After 28 years avoiding it, the Marin Shakespeare Company finally brings Pericles, one of the playwright’s seldom-performed “difficult” plays, to the stage of the Forest Meadows Amphitheatre. The company’s version of this much maligned outcast in the Shakespeare canon ends a 2017–18 season—shortened by upcoming improvements to the facility—with a delightful evening of theater “under the stars.”
From a company and audience viewpoint, who could ask for better?
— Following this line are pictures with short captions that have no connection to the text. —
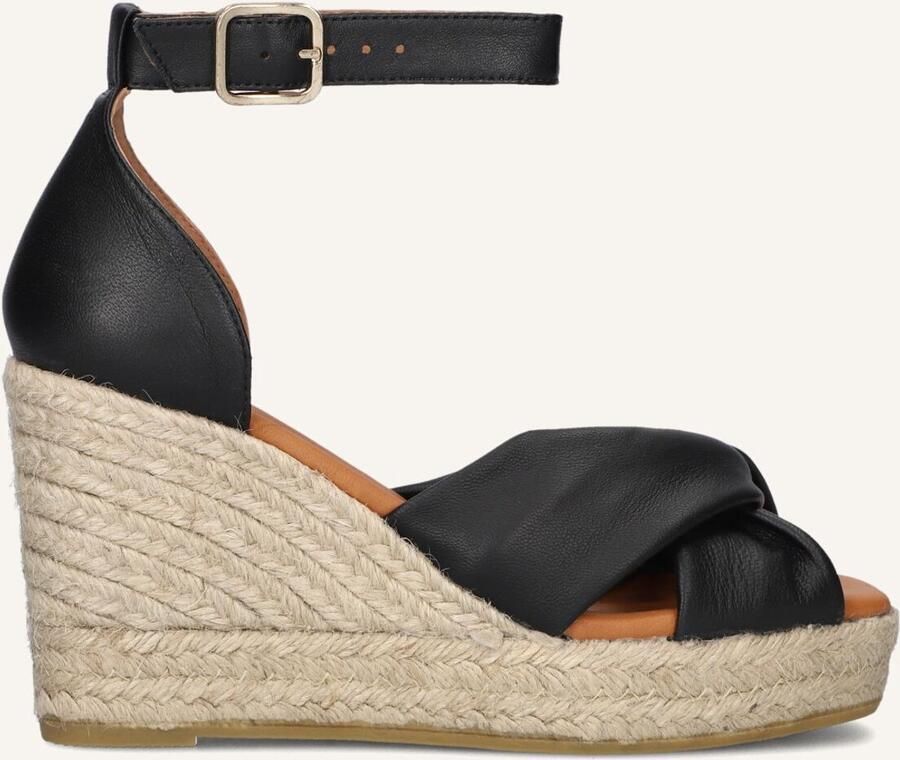 AYANA Espadrilles Dames Yu690 Maat: 40 Materiaal: Leer Kleur: Zwart - Foto 2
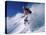 Skier with Snow Flying Up-null-Premier Image Canvas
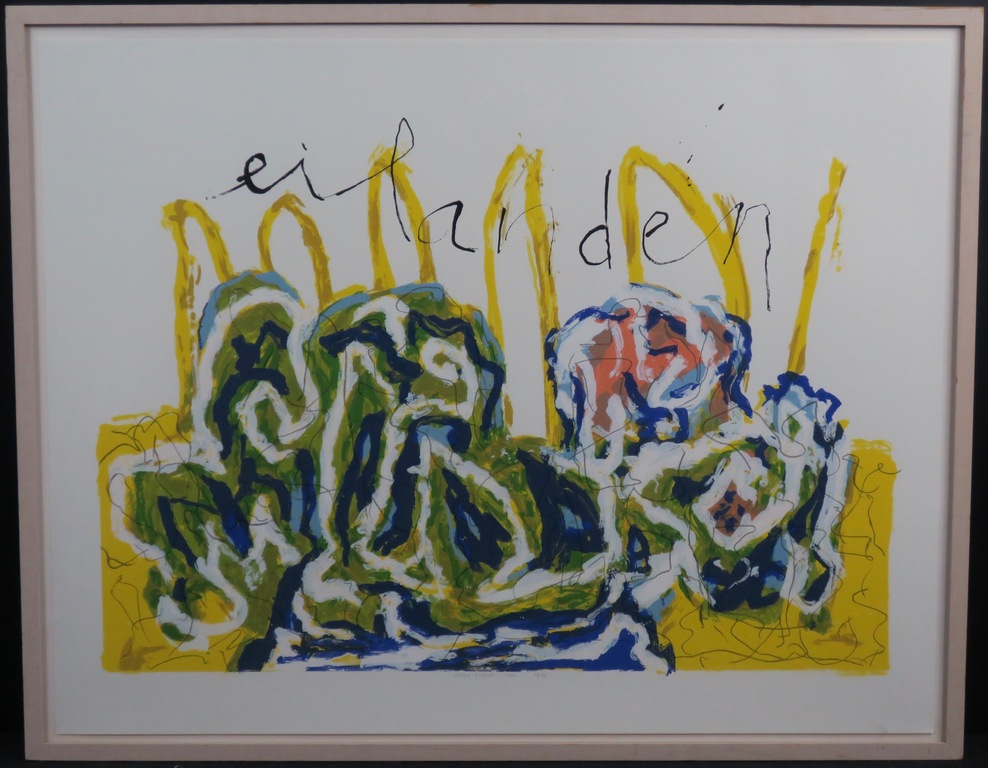 Ronald Ruseler: Litho, Eilanden -Ingelijst kopen? Bied vanaf 1!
The problems with staging Pericles are many. First, it has a plot with almost as many twists and turns as the daily tweets emanating from our nation’s capital. The heir to Tyre’s throne needs a wife. To find one, and dodge the assassins who always seem to be closing in, Pericles (Dameion Brown) voyages to several city states of the ancient world and eventually wins the hand of Thaisa (Kathryn Smith-McGlynn) in a tournament.
Returning by ship to Tyre, Thaisa dies giving birth to a daughter, Marina (Eliza Boivin), and is buried at sea, and the prince entrusts the care of his daughter to Cleon (Richard Pallaziol), the governor of Tarsus, whose wife, Dionyza (Cathleen Riddley), grows jealous of Marina’s beauty as the girl grows older. But before Dionyza can carry out a plot to killer her, Marina is kidnapped by a band of pirates and sold into a brothel, where her virginity will bring a high price from the upscale customers.
So far, poor Pericles’ troubles are close to King Lear’s on the misfortune index. But wait! There has been a miracle and . . . I think I should stop before proceeding further along the spoiler path.
Crazy as it sounds, the play is a near perfect vehicle for MSC’s performance style, which tends to find humor in almost every script.